Après "Au printemps des monstres" qui m'avait fait découvrir l'enthousiasmante singularité de Philippe Jaenada, j'avais apprécié, mais à un degré moindre "La serpe" et "Le chameau sauvage". L'auteur est-il allé ici trop loin dans ses digressions et la narration de détails à l'importance discutable ou bien me suis-je finalement lassé de sa démarche ? Le fait est que je n'ai guère trouvé mon compte avec sa dernière publication.
Déjà, les enjeux ne sont pas de la même nature ici, la recherche des causes d'un suicide à 20 ans, un sujet certes loin d'être dénué d'intérêt, n'est pas aussi passionnante qu'une enquête tendant à démontrer l'innocence d'un homme que pourtant tout accuse, comme c'était le cas dans "La serpe" et "Au printemps des monstres". Jaenada a dû en avoir conscience puisqu'il a doublé sa narration de la vie mouvementée de la jeune Kaky d'une chronique d'un tour de France "par les bords" le conduisant de Dunkerque à Dunkerque en passant par Hendaye, Port-Vendres, Briançon et Sedan, entre autres, une épopée de bars en bars au cours de laquelle il absorbe whisky sur whisky sans jamais amoindrir sa capacité à reprendre le volant le lendemain matin.
Le lecteur, lui, n'a pas sa robustesse, noyé qu'il est sous un flot ininterrompu de personnages dont on n'ignore plus rien sur le moment mais dont on oublie quasiment tout sitôt la parenthèse sur eux refermée. Mais pourquoi donc Jaenada persiste-t-il à ignorer les suppliques de son éditeur lui demandant d'écrire enfin un jour un livre de moins de 400 pages si c'est pour nous infliger des lignes et des lignes sans rapport aucun avec le sujet ou les sujets traités ? A titre d'exemple, je ne sais plus dans quelle ville de son périple, il croit bon de nous signaler qu'après avoir croisé une vieille dame sur son déambulateur, il se retourne pour l'observer juste au moment où elle se retourne aussi, ce sans que l'"anecdote" en question vienne étayer quelque réflexion que ce soit.

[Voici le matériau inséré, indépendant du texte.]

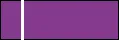 violett/weiß
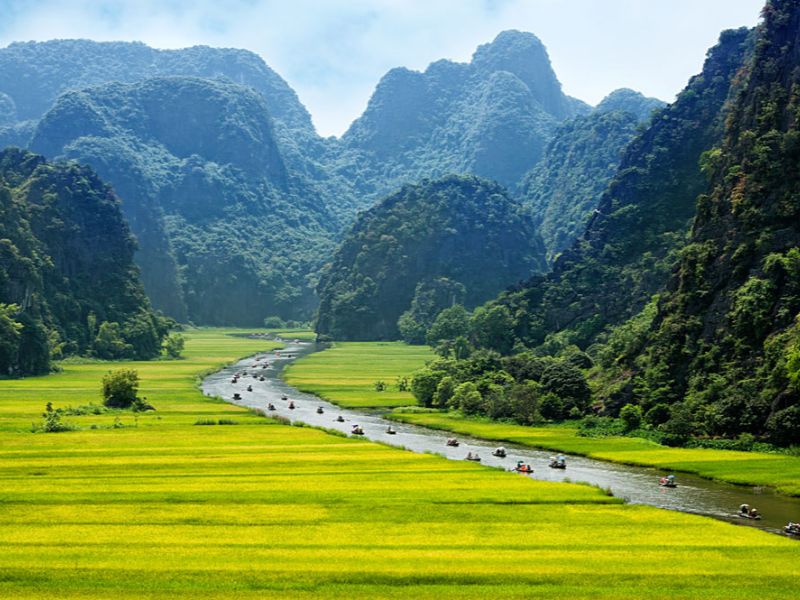 Ninh Binh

Que Philippe Jaenada ait éprouvé un plaisir intense à la recherche 70 ans après d'informations sur tous ceux qui ont eu un lien de près ou (surtout) de loin avec la vie de la jeune Jacqueline Harispe/Kaki/Kaky, soit, ne met-il pas en exergue au début de l'ouvrage la phrase "Toutes les existences sont solidaires les unes des autres" ? Mais a-t-il conscience des limites de l'exercice quand il restitue l'intégralité de ses trouvailles (Faut pas gâcher !) dans ce qui s'apparente parfois à une bouillie indigeste ?
L'humour que j'avais tant apprécié dans ma découverte de Jaenada a fini par me laisser insensible ou pire, à m'agacer. A trop se répéter et à tourner autour de son nombril (Ah ! Ces évocations récurrentes de sa femme ( Inspecteur Colombo, sors de ce corps !) et de son fils !), notre homme m'a finalement convaincu de ne plus retourner sur ses pas mais je lui sais gré de m'avoir fait découvrir l'agrément qu'apportent parfois les digressions dans une narration.